98 views Asked by At

I'm building a forecasting model with Prophet in python. My train dataset consist on column "Date", "Var1", "Var2", "Y". And the test set consist of column "id", "Date", "Var1", "Var2". The "id" column is unique (based on combination of "Date", "Var1", and "Var2". Below is my code:

dir_df_train_clean = "data/df_train_clean.csv"
df_train_clean = pd.read_csv(dir_df_train_clean, parse_dates=[0])

dir_df_test_clean = "data/df_test_clean.csv"
df_test_clean = pd.read_csv(dir_df_test_clean, parse_dates=[1])

split_date = '2019-01-01'
df_train = df_train_clean[df_train_clean.index.get_level_values('Date') < split_date]
df_val = df_train_clean[df_train_clean.index.get_level_values('Date') >= split_date]

df_train = df_train.rename(columns={'Date':'ds','Y':'y'})
df_val = df_val.rename(columns={'Date':'ds','Y':'y'})
df_test = df_test_clean.rename(columns={'Date':'ds'})

My model:

m = Prophet()
m.add_regressor('Var1')
m.add_regressor('Var2')
m.fit(df_train)

And try to predict my test set:

test_forecast = m.predict(df_test)

But the result is my "id" column dissapear from the "test_forecast" dataframe.
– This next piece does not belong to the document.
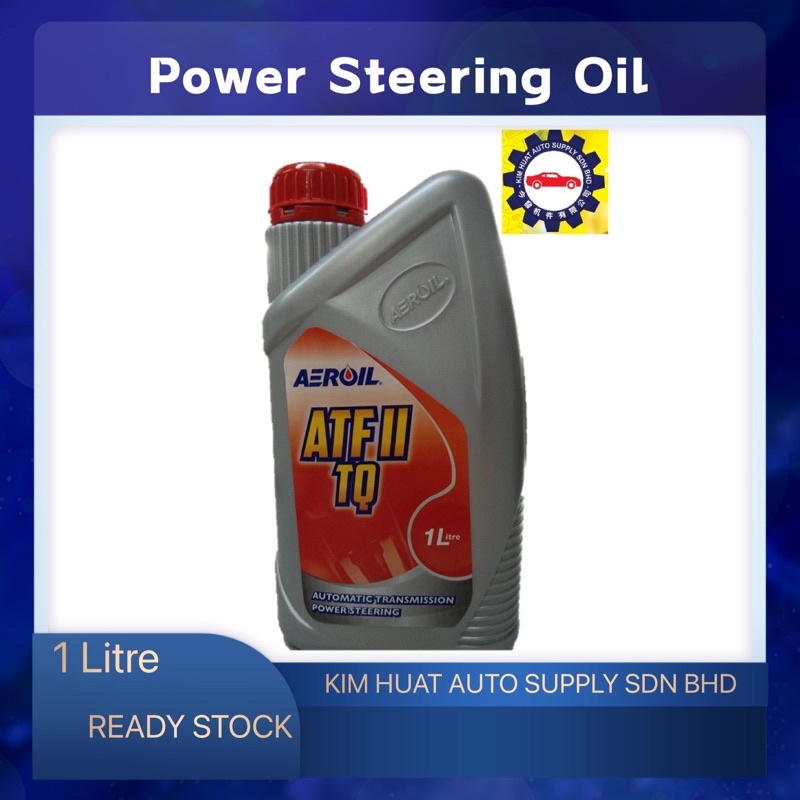 AEROIL Power Steering Oil Add on Automatic Transmission Fluid ATFII 1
How can i keep my id column?

I tried to merge the 'id' column back, but the index was altered. The first row (id='a1') shows date value column is '2022-07-30', but the prediction result shows that the first row on 'date' column is '2022-07-30'.

2

There are 2 answers

1
Guapi-zh On

I think Prophet generates forecasts for dates and times but does not carry over any additional columns or information from the input dataframe. To keep your "id" column, you have to merge the column back after the prediction.

0
Anna Andreeva Rogotulka On

I want to emphasize that using IDs as model features can lead to overfitting, especially if ID generation is connected to time. You should be think twice about why you need this; maybe consider using indices so that you can later merge the data(without ID) with the rest.
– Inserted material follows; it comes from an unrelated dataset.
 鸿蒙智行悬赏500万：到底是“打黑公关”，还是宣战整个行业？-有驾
Negative aspects of using IDs:

Overfitting: if IDs are connected to time or other factors that don't provide value to the model, using them as features can lead to overfitting. The model might memorize the identifiers rather than generalize information.

Complexity: using IDs can make the model less interpretable since the identifiers themselves often don't convey much about the nature of the data.